■ **Data shown**
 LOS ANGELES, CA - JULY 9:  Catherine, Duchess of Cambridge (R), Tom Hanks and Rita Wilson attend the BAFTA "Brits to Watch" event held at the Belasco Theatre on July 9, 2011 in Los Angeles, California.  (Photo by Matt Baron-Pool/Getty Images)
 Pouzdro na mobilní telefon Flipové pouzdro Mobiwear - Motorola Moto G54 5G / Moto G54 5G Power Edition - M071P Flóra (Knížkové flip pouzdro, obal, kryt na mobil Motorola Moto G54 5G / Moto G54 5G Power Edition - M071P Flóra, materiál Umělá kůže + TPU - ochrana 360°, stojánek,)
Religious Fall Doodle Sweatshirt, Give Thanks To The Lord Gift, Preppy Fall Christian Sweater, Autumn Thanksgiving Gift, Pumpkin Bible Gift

--

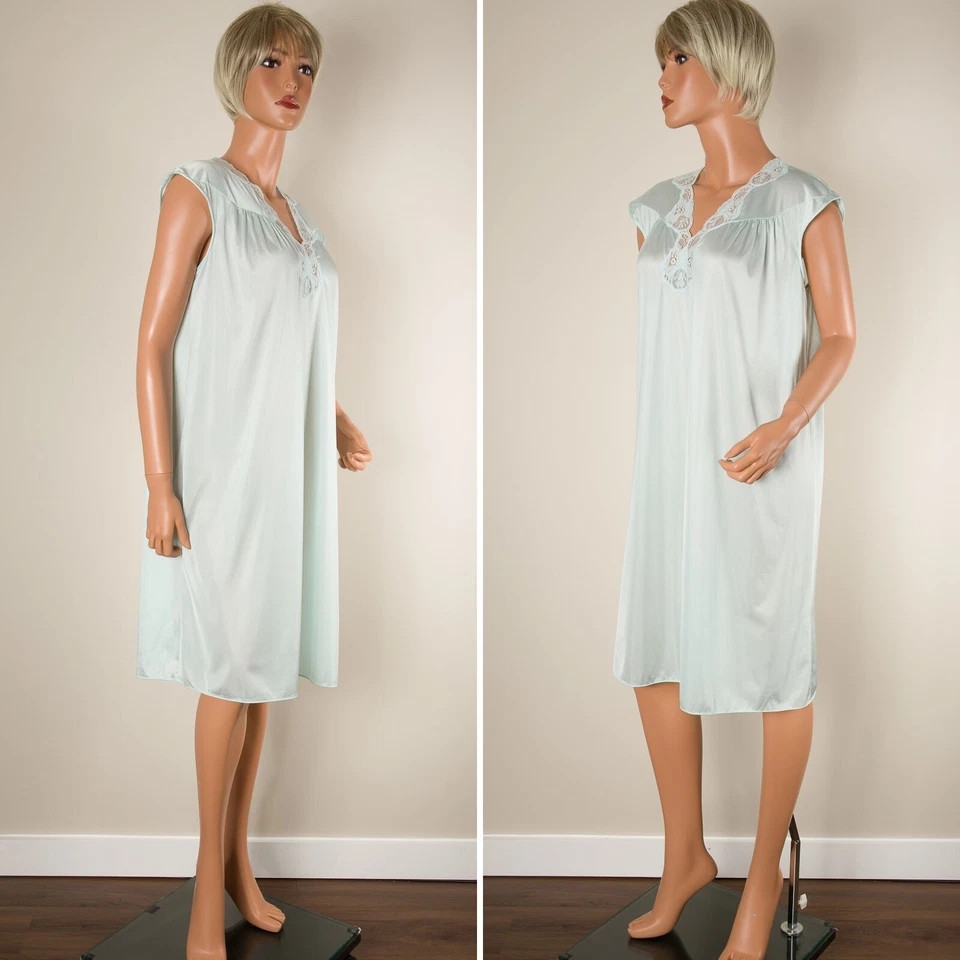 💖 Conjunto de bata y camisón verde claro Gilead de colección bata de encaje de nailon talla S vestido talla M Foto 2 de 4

■ **Problem**
Using the data above, transcribe the lines that run from the line with "LOS ANGELES, CA - JULY" to the line with "Religious Fall Doodle", both ends kept, and output nothing else.

■ **Expected output**
 LOS ANGELES, CA - JULY 9:  Catherine, Duchess of Cambridge (R), Tom Hanks and Rita Wilson attend the BAFTA "Brits to Watch" event held at the Belasco Theatre on July 9, 2011 in Los Angeles, California.  (Photo by Matt Baron-Pool/Getty Images)
 Pouzdro na mobilní telefon Flipové pouzdro Mobiwear - Motorola Moto G54 5G / Moto G54 5G Power Edition - M071P Flóra (Knížkové flip pouzdro, obal, kryt na mobil Motorola Moto G54 5G / Moto G54 5G Power Edition - M071P Flóra, materiál Umělá kůže + TPU - ochrana 360°, stojánek,)
Religious Fall Doodle Sweatshirt, Give Thanks To The Lord Gift, Preppy Fall Christian Sweater, Autumn Thanksgiving Gift, Pumpkin Bible Gift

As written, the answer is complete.